Por José Ángel Balmori
Seguro habrá grandes críticos de música que además sean grandes músicos, ¿no? (me viene a la mente Ira Kaplan, de Yo LaTengo), pero, ¿de dónde viene el crítico de rock?¿Por qué escribe sobre música y no está haciendo telenovelas o archivando facturas? Bueno, en mi caso tiene que ver efectivamente con que quería ser rockstar, pero pronto descubrí que no hay nada más triste que ver a alguien sin talento persiguiendo el arte como una lenta y torpe sanguijuela; y tampoco hay nada más dulce que ver a un esquizofrénico como Daniel Johnston entregando al mundo hermosas canciones. O sea, con la música es así: LOTIENES O NO LOTIENES, y si uno no lo tiene, es mejor no estorbar e integrarse a ella por otro lado.
La música es esta fuerza tan impactante que cuando verdaderamente te enamoras de ella te enreda para toda la vida, y quieres estar ahí, no vas a perdértelo. Sabes que no quieres pasarte la vida como tu papá, así que encuentras la manera de permanecer en la ola: te vuelves Dj o coleccionas toneladas de discos y ácaros, o pones una tienda de guitarras o te vuelves crítico de rock o dejas tu cabello largo después de los 40, que es cuando ya luces ridículo con él.
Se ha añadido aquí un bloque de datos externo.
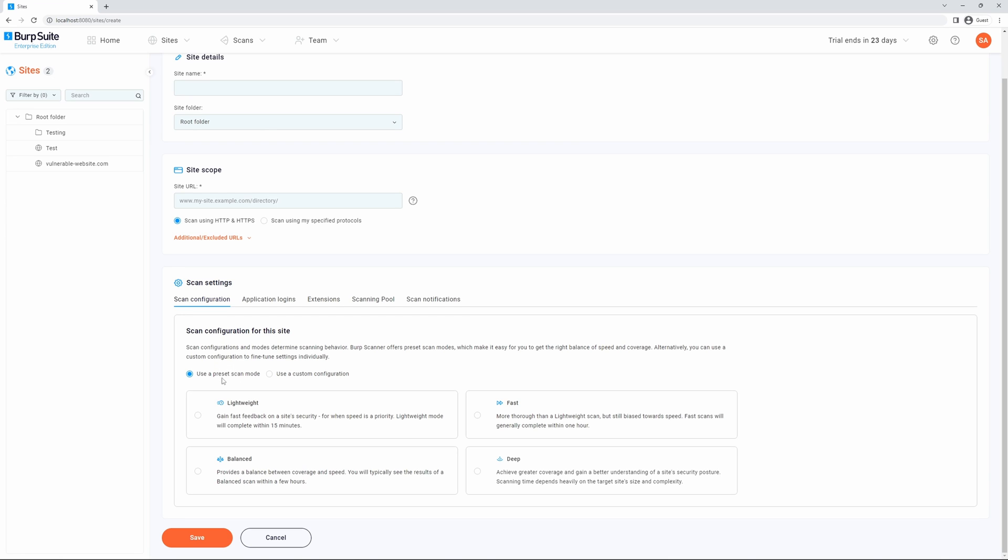We have two options: using a preset scan mode or a custom configuration. If you'd like to learn more about scan configuration options, please see our documentation defining scan configurations for a site.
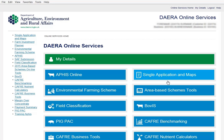Hello and welcome along to another DAERA Online Services Help video. In this video we are going to take a look at the DAERA Farm Investment Planner.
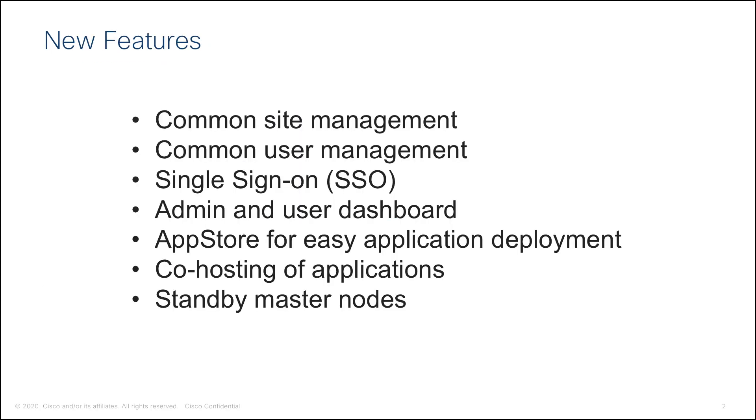In release 201 of Nexus Dashboard, we offer the following new features: Common Site Management for Cisco ACI, Cloud ACI, and DCNM Fabrics.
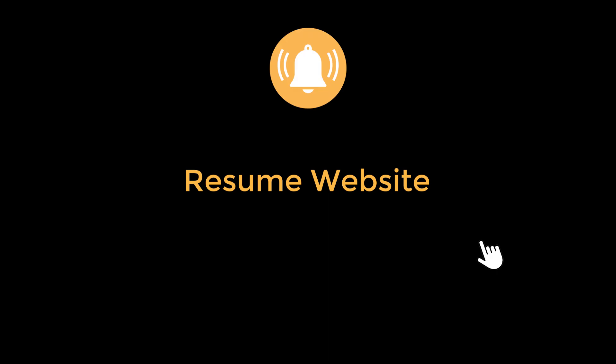Hello guys, welcome back to another tutorial. Hit the bell icon button so that you don't miss out on any tutorial. Welcome to Section 23, and in this section we are going to talk about resume websites.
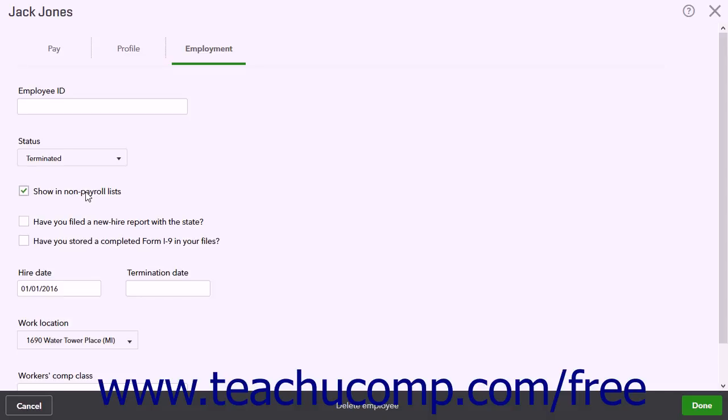Check this checkbox if you want the employee to continue appearing in your non-payroll lists. A Termination Date field also appears next to the Hire Date field below that. Enter the date of termination into the Termination Date field.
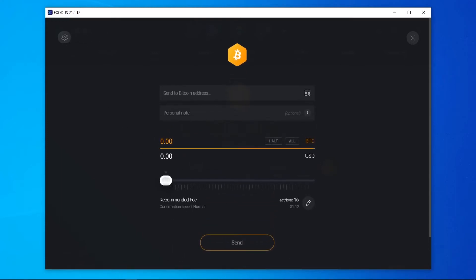Now Exodus are going to recommend the fee. So the fee that they're recommending here is going to be $1.12 and that depends on the network speed. So if the network is busy, you want a higher fee so your transaction goes quicker. If the network isn't busy, you'll be able to send a lower fee.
NUNCA DEJAS LA MÚSICA. Cuando amas algo de verdad, no puedes concebir tu vida sin ello, sabes que vas a encontrar la manera de estar ahí siempre, y puede que la forma que
encuentres no sea la que habías soñado, pero también sabes que necesitas de ello para seguir adelante.
A mí la música nunca me decepciona, siempre encuentro algo opiáceo y torcido en ella, es una clase de energía cósmica que pasa a través de los seres humanos y los hace hacer cosas extrañas y maravillosas (Brian Wilson) u horrorosas (Coldplay). Porque la música es como el amor, le pertenece a todos, todo el mundo tiene derecho a ella y siempre está ahí: la gente se casa con música, tiene sexo con música, y cuando eres un pequeño y horrible feto ya oyes latir el corazón de tu madre, que de alguna manera también es música. Yo escribo de música porque la amo, tanto como Steve Vai ama tocar esos horribles e insoportables solos de guitarra; probablemente Steve Vai y yo amamos la música con la misma intensidad.
Si a alguien le apasiona algo de verdad, no debería dejarlo, debería construir las condiciones para poder seguir disfrutando y compartiendo lo que ama. ¿No se trata de compartir, muchachos? ¿De grabarle cassettes a las novias? ¿De ver qué canción pones en tu boda? ¿O la canción que te recuerda a tu mamá? ¿No se trata de la vida también? Para mí sí, y hago lo que puedo, para mí siempre se ha tratado de lo mismo, I am what I am.
P.D. Hice esto para mi amiga Pilar Ortega que fue la primera persona que me dio un espacio para escribir de música hace muchos años; yo todavía tenía cabello.